Radiocarbon levels in the ocean change over time and vary among food webs. Nuclear weapons testing during the mid-20th century created a recognizable radiocarbon pulse that can help date younger animals. That marker becomes less useful for individuals born long before the testing era.

Scientists must also account for marine reservoir effects. Carbon can circulate through the deep ocean for long periods before entering an animal’s tissues. This makes marine samples appear older unless researchers apply suitable calibration methods.

The available evidence firmly supports a lifespan extending across multiple centuries. Greater precision will require larger sample sets and improved dating approaches. Long-term biological monitoring could also refine estimates of growth rates and sexual maturity.

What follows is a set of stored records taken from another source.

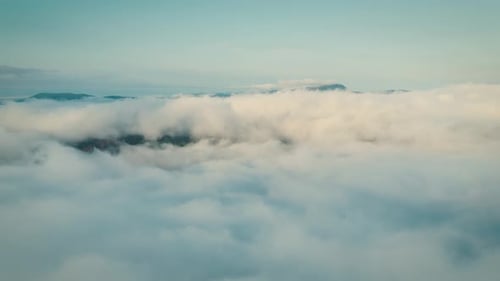 Aerial View of Mountains Emerging From Clouds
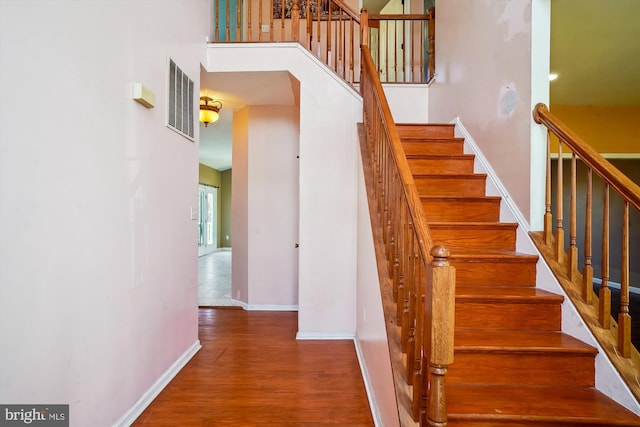 stairway with wood-type flooring and a high ceiling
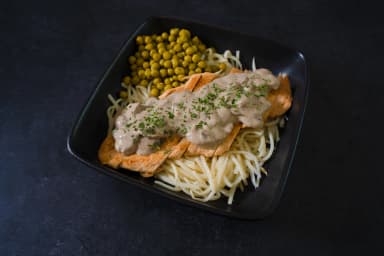 Chicken in mushroom sauce with vegetable spaghetti and peas
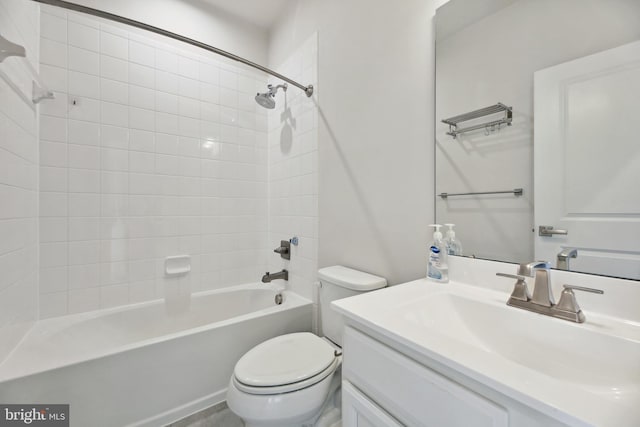 full bathroom featuring toilet, vanity, and bathing tub / shower combination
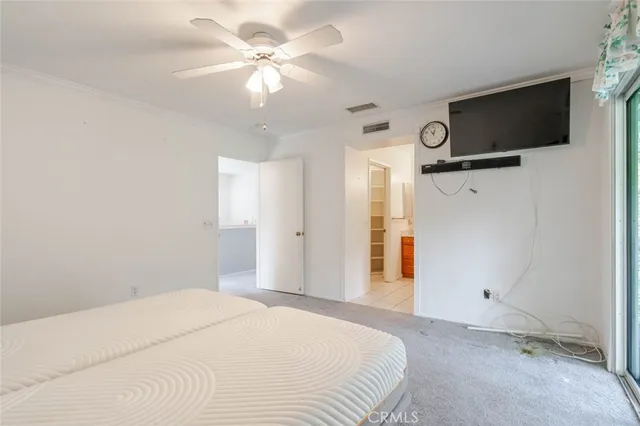 a bathroom with a granite countertop sink mirror and a shower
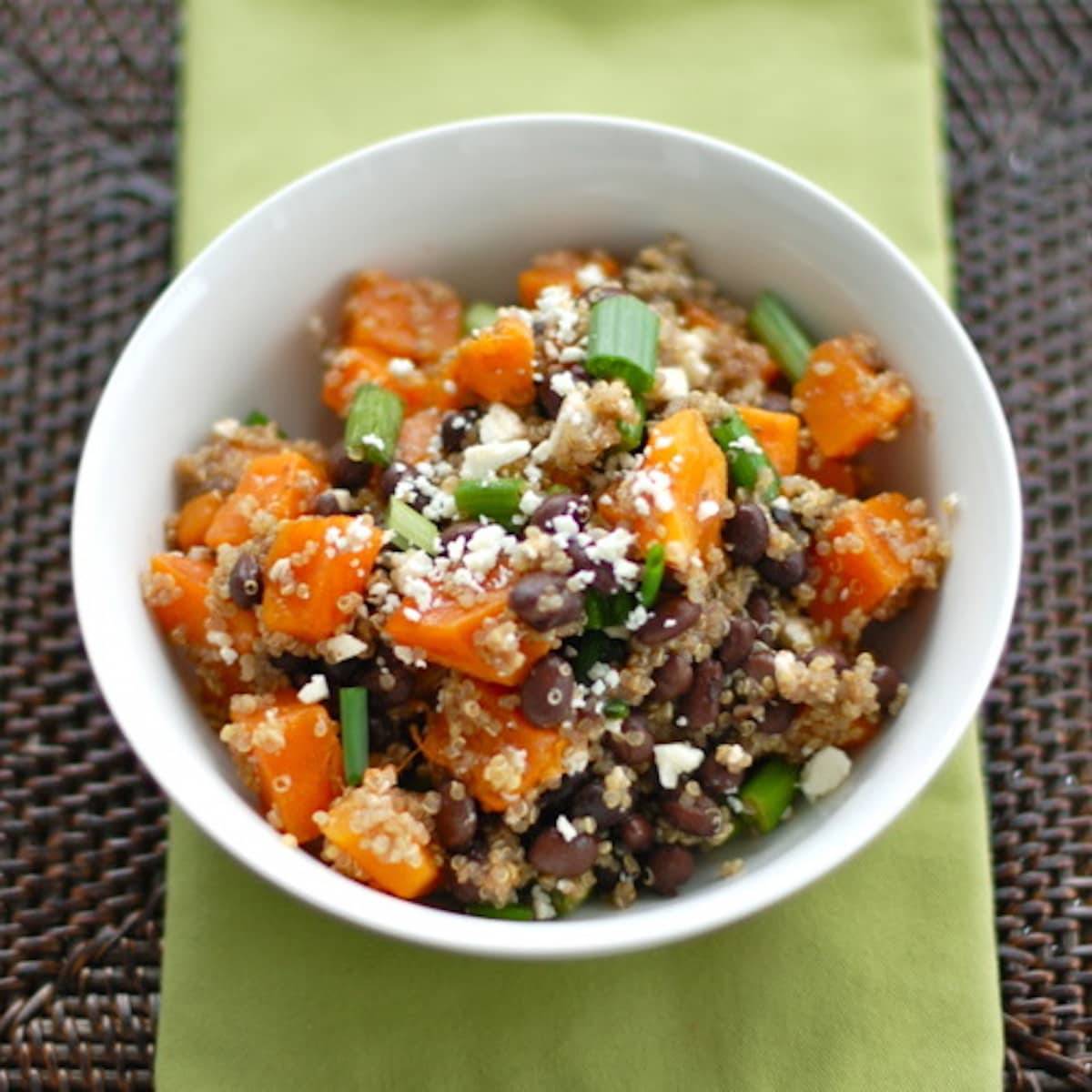 Butternut squash black bean wrap dissembled in a bowl on a green napkin.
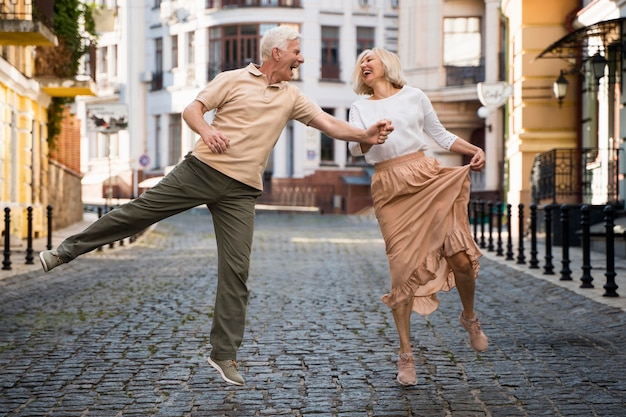 Vista frontal de la feliz pareja sonriente cogidos de la mano en la ciudad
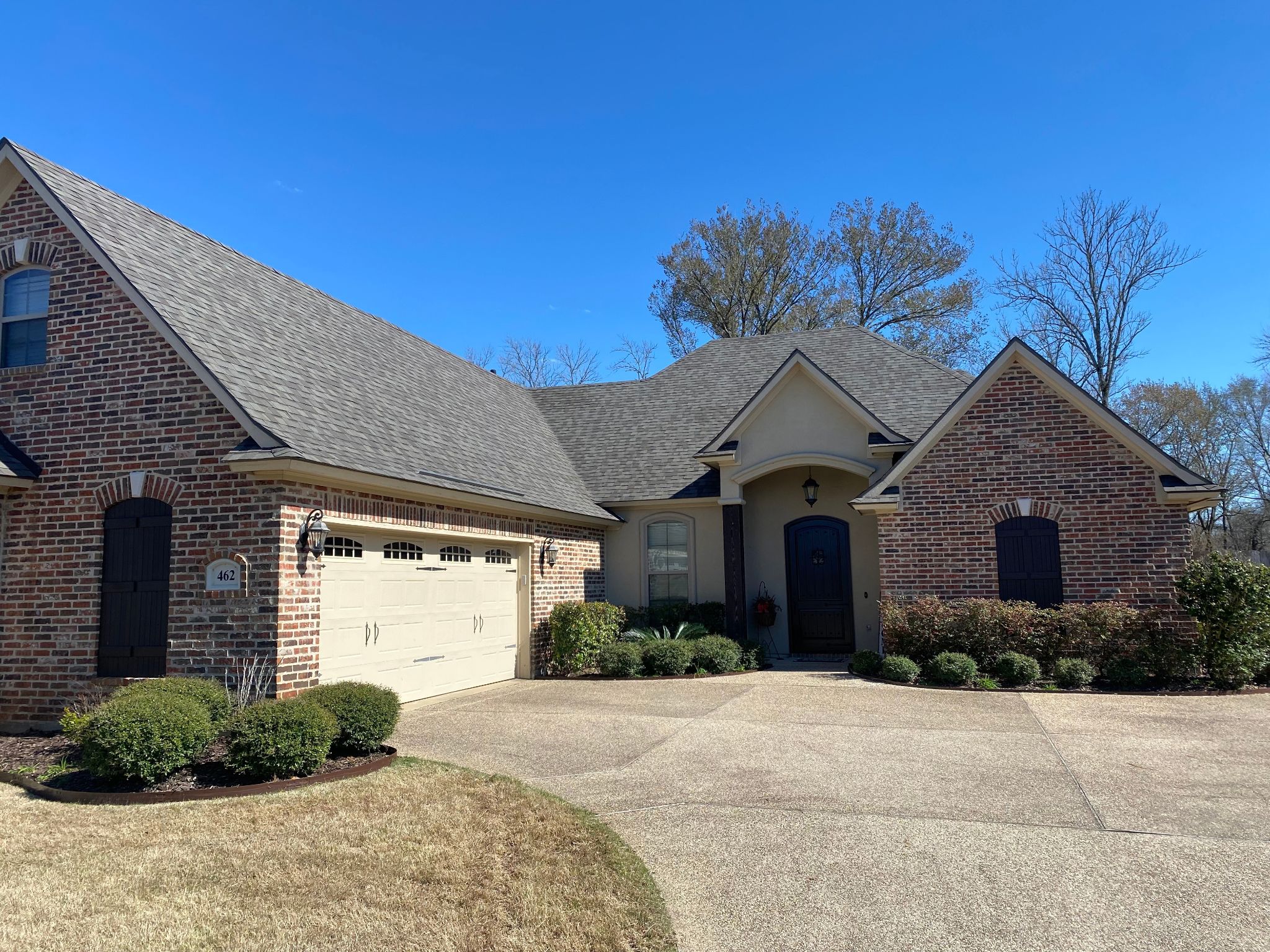 Completed asphalt shingle roof replacement on a brick home.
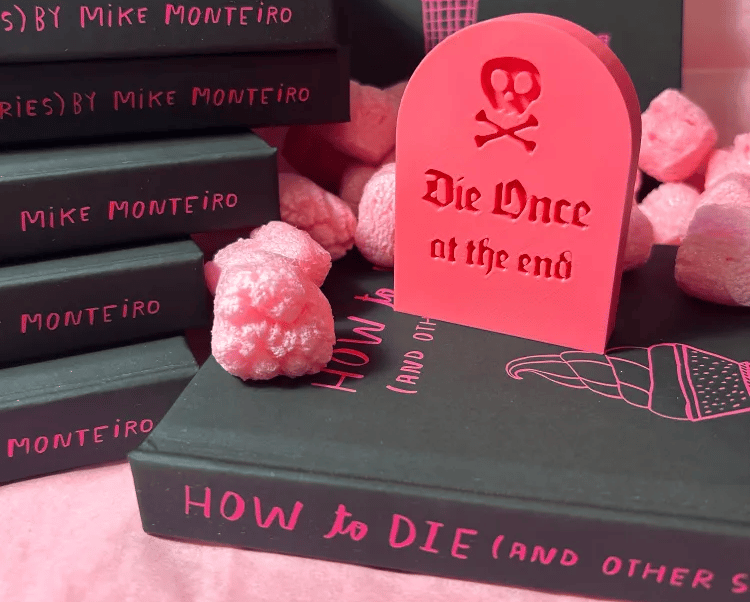 A little pink 3-d printed tombstone reading Die Once at the end, sitting on top of a copy of How to Die and other stories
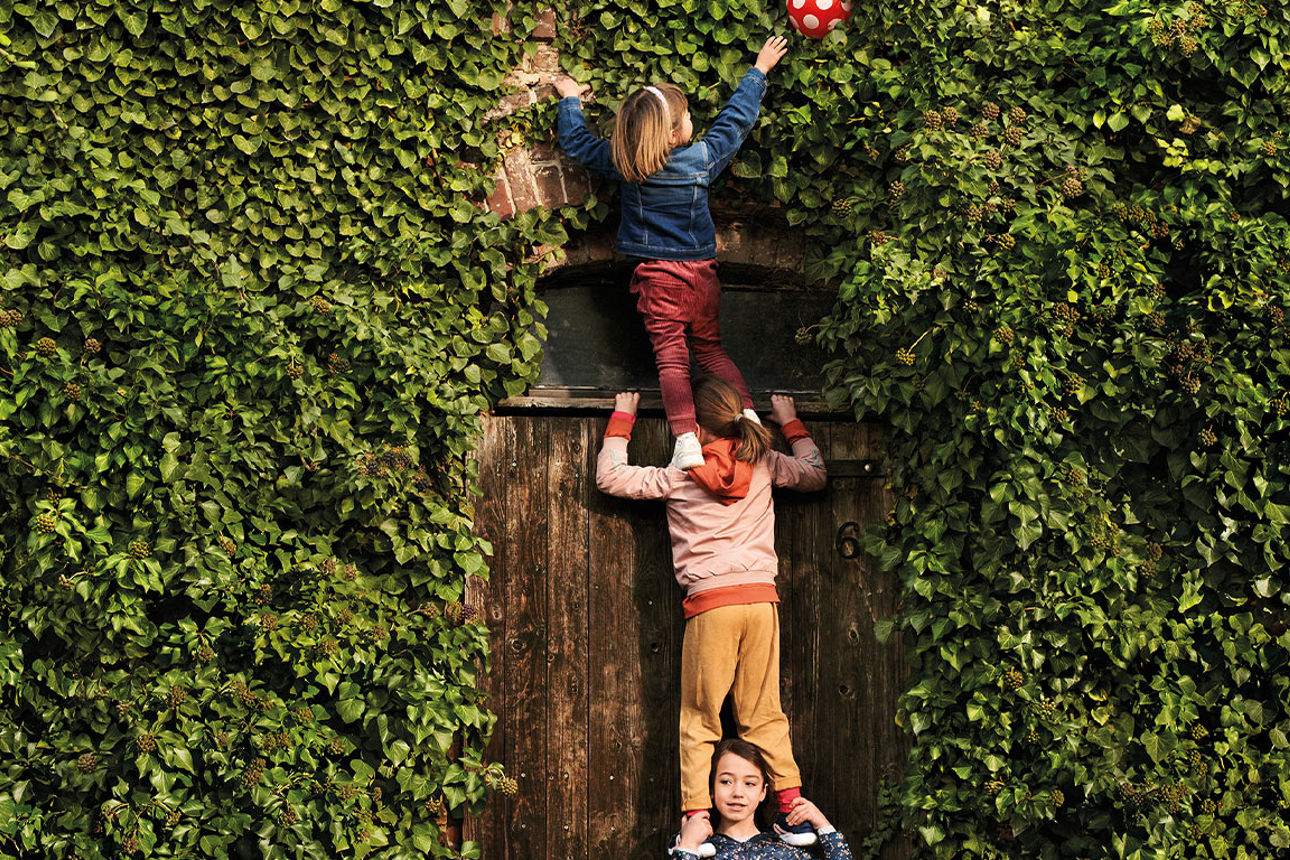 Kinder stehen im Garten auf den Schultern der anderen Kinder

Genomic associations carry another form of uncertainty. A gene family that expanded in a long-lived animal may contribute to longevity or reflect another aspect of its biology. Experiments involving proteins and cultured cells can help separate these possibilities.

What shark longevity could teach medicine

The Greenland shark genome gives aging researchers a new reference for comparative biology. Scientists can compare it with genomes from bowhead whales, giant tortoises, naked mole rats and other animals known for unusually long lives.

Each species has evolved within a different environment. Greenland sharks experience cold temperatures, slow growth, low metabolic rates and life in the deep ocean. Those conditions may interact with their genetic defenses and influence how quickly damage accumulates.

Researchers can now examine which Greenland shark genes are active in specific tissues. They can produce shark proteins in laboratory systems and test how those molecules respond to DNA damage. Gene-editing tools may allow scientists to study individual substitutions without working directly with these rare and difficult-to-observe animals.

The medical possibilities remain at an early stage. A shark gene cannot simply be treated as a ready-made therapy for human aging. Human cells operate within different developmental and metabolic systems, so useful discoveries would require extensive testing and careful adaptation.

The immediate value lies in identifying biological strategies that evolution has already explored. Improved chromosome stability, efficient repair, balanced inflammation and controlled cell death could all point toward future research on age-related disease.

Greenland sharks offer an extreme natural experiment. Their cells may preserve functional genomes across a period longer than many human institutions have existed. With the near-complete sequence now available, scientists can begin testing which molecular features truly help these animals survive from one historical era into another.